Exercise details -
A verbatim transcript of the data that follows, free of images, is the expected result.

START Dataset excerpt

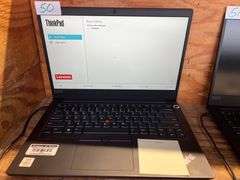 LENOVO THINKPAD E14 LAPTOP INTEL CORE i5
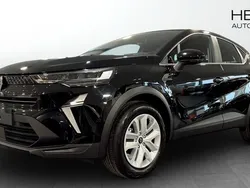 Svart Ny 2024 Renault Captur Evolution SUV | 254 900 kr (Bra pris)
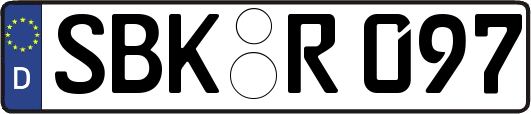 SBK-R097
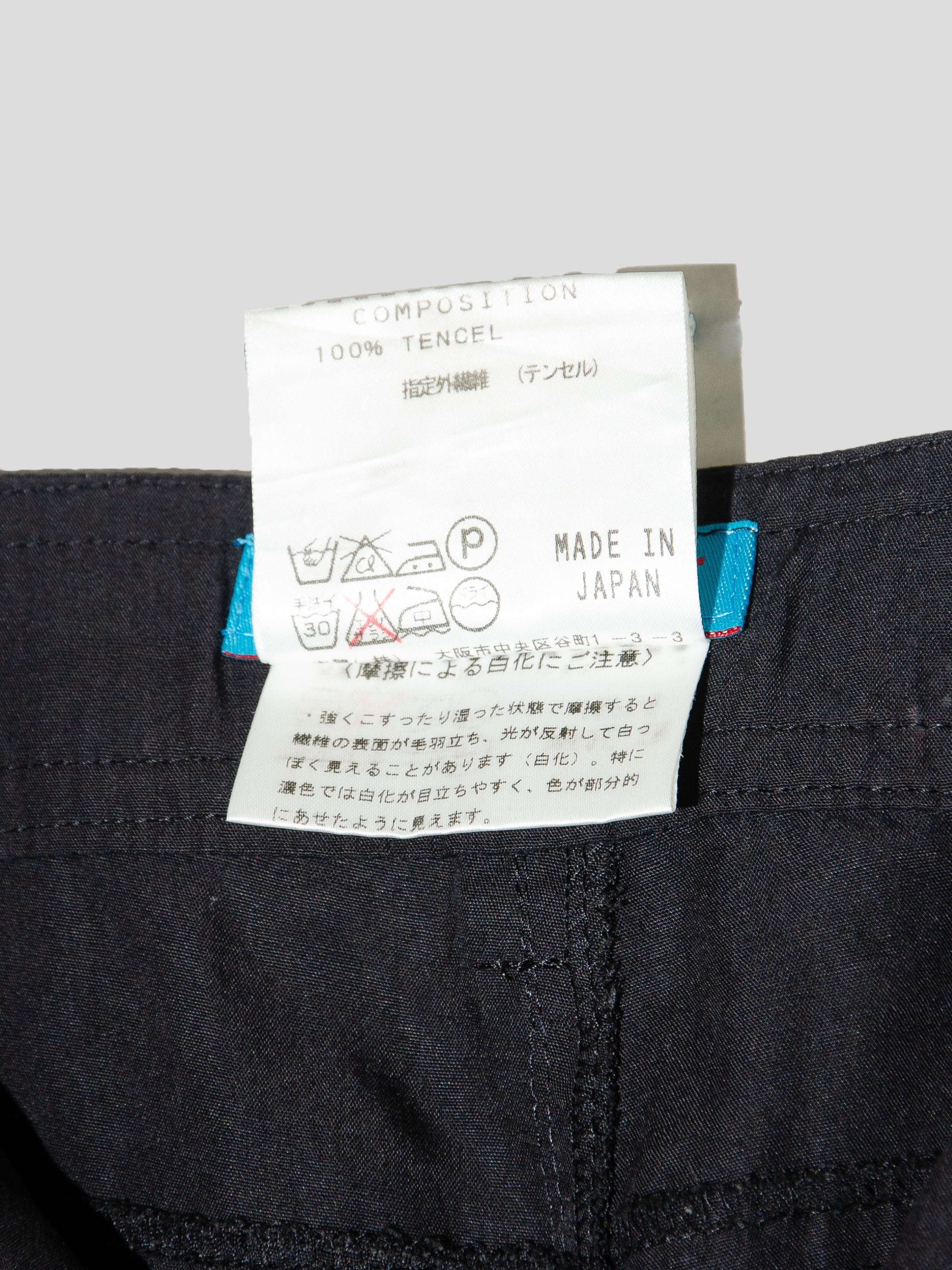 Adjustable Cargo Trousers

END Dataset excerpt

Reply -
 LENOVO THINKPAD E14 LAPTOP INTEL CORE i5
 Svart Ny 2024 Renault Captur Evolution SUV | 254 900 kr (Bra pris)
 SBK-R097
 Adjustable Cargo Trousers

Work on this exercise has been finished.